▶ _Work required_: Starting at the line with "2-комн квартира Московское" and going on through the line with "3rd image of 4315 Holly Hills Blvd", reproduce each line in the records below exactly and nothing more.

::: Data for this task :::

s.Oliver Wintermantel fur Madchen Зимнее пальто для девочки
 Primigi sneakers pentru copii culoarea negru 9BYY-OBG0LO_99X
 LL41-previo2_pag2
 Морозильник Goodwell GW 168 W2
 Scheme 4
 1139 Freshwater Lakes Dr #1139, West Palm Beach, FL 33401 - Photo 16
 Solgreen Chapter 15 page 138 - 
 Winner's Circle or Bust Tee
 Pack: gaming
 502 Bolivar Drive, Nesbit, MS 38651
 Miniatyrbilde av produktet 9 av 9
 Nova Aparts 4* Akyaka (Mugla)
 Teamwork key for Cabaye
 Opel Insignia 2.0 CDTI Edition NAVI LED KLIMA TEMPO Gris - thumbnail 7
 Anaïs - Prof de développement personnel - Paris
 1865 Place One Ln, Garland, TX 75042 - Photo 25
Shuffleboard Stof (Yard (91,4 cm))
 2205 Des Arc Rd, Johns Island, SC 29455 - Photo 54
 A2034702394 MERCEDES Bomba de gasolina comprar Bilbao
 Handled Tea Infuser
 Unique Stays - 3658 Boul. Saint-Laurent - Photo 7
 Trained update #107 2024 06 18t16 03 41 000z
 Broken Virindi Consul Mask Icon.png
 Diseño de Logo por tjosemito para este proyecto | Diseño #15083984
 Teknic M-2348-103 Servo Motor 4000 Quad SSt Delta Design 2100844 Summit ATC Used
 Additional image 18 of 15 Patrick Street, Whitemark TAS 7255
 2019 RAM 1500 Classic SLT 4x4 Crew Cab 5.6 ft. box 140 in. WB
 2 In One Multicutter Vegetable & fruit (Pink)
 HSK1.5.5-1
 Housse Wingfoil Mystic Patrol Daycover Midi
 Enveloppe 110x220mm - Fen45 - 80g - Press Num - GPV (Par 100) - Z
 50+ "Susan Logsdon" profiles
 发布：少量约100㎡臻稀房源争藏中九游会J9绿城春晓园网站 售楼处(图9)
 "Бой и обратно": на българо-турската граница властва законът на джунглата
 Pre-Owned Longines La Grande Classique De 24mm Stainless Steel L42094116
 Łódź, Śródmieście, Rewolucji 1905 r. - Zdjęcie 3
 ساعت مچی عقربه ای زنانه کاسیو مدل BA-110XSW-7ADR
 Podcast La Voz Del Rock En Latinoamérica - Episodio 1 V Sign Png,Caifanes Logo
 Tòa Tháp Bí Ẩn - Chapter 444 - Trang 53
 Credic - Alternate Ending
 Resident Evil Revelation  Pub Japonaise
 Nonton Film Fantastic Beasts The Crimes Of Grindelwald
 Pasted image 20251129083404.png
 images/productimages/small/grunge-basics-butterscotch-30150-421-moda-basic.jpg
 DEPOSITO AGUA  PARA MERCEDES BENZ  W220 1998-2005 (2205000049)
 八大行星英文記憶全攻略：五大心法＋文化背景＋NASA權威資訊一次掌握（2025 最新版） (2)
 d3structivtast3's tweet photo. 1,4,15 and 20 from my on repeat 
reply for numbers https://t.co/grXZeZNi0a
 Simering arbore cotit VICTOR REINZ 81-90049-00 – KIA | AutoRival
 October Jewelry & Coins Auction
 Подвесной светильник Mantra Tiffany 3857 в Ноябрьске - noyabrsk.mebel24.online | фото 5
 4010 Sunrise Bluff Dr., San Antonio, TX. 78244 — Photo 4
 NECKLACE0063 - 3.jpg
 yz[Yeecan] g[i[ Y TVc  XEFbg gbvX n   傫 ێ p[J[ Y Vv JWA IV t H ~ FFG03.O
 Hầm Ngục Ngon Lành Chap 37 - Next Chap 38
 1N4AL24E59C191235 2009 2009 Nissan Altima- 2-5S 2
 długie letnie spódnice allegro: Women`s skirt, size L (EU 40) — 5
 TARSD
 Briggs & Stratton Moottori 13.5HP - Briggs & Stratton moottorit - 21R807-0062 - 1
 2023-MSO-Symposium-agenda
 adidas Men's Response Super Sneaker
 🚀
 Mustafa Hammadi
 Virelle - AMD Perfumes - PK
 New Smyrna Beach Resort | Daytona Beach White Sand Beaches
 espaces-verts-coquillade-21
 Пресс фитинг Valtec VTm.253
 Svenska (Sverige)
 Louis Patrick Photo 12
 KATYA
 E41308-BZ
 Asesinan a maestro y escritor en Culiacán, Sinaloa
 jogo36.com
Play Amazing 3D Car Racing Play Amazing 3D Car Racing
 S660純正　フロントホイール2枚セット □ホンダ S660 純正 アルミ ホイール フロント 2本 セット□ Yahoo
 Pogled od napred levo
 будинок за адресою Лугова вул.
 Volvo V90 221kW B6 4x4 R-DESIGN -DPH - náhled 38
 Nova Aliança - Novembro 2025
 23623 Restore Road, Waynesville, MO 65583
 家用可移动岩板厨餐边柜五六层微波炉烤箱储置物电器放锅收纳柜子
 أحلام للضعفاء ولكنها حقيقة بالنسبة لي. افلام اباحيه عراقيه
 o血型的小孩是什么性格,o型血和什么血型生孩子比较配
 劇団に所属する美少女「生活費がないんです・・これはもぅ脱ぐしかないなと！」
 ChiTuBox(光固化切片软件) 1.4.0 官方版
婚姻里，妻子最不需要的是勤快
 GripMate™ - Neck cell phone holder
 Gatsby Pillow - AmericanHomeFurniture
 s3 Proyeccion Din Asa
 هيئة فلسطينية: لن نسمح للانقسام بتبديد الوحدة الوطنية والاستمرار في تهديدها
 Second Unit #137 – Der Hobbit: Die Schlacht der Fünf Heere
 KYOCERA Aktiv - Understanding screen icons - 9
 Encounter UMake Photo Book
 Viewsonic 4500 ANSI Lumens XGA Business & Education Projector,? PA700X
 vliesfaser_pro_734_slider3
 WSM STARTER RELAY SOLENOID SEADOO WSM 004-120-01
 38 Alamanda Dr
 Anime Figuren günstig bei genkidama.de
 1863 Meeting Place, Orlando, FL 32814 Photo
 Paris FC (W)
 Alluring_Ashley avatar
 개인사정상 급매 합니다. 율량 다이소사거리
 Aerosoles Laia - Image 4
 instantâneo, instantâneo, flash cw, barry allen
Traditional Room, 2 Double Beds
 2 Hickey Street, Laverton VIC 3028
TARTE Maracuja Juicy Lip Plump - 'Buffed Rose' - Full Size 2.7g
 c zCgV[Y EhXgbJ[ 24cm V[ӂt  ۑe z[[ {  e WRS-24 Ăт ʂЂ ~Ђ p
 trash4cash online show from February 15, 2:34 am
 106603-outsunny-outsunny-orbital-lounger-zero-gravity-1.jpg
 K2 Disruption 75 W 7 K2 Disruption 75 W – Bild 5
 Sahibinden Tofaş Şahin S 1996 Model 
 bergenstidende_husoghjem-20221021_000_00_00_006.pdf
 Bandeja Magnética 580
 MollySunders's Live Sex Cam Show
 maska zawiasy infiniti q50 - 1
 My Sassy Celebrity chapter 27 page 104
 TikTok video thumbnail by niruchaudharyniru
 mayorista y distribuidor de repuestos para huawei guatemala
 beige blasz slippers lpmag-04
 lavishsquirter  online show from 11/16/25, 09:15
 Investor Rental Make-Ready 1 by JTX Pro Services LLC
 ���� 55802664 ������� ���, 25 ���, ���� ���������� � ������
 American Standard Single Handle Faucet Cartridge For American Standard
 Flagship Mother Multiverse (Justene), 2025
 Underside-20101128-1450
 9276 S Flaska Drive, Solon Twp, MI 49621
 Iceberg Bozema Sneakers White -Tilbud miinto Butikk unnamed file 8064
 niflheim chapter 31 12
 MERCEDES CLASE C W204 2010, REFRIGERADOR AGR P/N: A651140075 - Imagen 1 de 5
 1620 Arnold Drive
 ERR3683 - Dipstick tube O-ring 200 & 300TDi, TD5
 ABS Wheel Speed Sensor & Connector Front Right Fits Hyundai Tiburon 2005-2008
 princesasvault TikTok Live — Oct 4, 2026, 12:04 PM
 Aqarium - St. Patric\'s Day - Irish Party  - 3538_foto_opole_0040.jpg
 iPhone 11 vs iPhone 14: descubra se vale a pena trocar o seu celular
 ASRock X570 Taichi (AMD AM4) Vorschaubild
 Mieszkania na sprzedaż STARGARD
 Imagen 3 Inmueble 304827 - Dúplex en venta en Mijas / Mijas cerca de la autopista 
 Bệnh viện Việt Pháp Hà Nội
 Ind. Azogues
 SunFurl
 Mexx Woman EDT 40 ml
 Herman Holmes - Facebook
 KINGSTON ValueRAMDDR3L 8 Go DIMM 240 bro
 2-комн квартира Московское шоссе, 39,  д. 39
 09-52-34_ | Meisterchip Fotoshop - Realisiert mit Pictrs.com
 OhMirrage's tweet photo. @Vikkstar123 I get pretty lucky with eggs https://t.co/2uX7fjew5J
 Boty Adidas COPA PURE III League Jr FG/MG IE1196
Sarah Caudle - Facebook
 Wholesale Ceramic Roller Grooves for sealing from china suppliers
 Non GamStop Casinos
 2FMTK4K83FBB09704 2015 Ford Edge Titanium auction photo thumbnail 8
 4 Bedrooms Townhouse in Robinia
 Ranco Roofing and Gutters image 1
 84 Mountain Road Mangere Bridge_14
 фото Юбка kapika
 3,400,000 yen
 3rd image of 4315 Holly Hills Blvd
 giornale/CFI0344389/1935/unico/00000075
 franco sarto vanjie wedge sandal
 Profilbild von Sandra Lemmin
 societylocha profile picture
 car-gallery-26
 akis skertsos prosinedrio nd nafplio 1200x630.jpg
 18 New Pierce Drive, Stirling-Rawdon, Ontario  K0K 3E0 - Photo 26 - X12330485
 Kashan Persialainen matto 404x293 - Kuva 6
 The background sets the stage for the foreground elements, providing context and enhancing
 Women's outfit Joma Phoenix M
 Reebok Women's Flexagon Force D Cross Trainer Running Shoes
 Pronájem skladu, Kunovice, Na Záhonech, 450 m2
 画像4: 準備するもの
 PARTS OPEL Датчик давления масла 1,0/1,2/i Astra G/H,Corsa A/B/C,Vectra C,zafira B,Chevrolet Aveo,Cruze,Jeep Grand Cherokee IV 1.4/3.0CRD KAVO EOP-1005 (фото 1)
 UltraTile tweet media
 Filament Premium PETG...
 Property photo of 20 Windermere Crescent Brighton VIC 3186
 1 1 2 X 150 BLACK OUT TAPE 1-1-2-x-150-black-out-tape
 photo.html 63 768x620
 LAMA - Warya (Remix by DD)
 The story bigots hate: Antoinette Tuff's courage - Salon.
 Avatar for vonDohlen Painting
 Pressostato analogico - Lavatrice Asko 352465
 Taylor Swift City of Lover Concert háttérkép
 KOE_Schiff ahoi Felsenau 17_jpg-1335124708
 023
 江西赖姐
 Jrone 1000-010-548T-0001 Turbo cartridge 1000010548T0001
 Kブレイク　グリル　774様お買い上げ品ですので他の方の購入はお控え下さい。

:::

▶ _Task answer_:
 2-комн квартира Московское шоссе, 39,  д. 39
 09-52-34_ | Meisterchip Fotoshop - Realisiert mit Pictrs.com
 OhMirrage's tweet photo. @Vikkstar123 I get pretty lucky with eggs https://t.co/2uX7fjew5J
 Boty Adidas COPA PURE III League Jr FG/MG IE1196
Sarah Caudle - Facebook
 Wholesale Ceramic Roller Grooves for sealing from china suppliers
 Non GamStop Casinos
 2FMTK4K83FBB09704 2015 Ford Edge Titanium auction photo thumbnail 8
 4 Bedrooms Townhouse in Robinia
 Ranco Roofing and Gutters image 1
 84 Mountain Road Mangere Bridge_14
 фото Юбка kapika
 3,400,000 yen
 3rd image of 4315 Holly Hills Blvd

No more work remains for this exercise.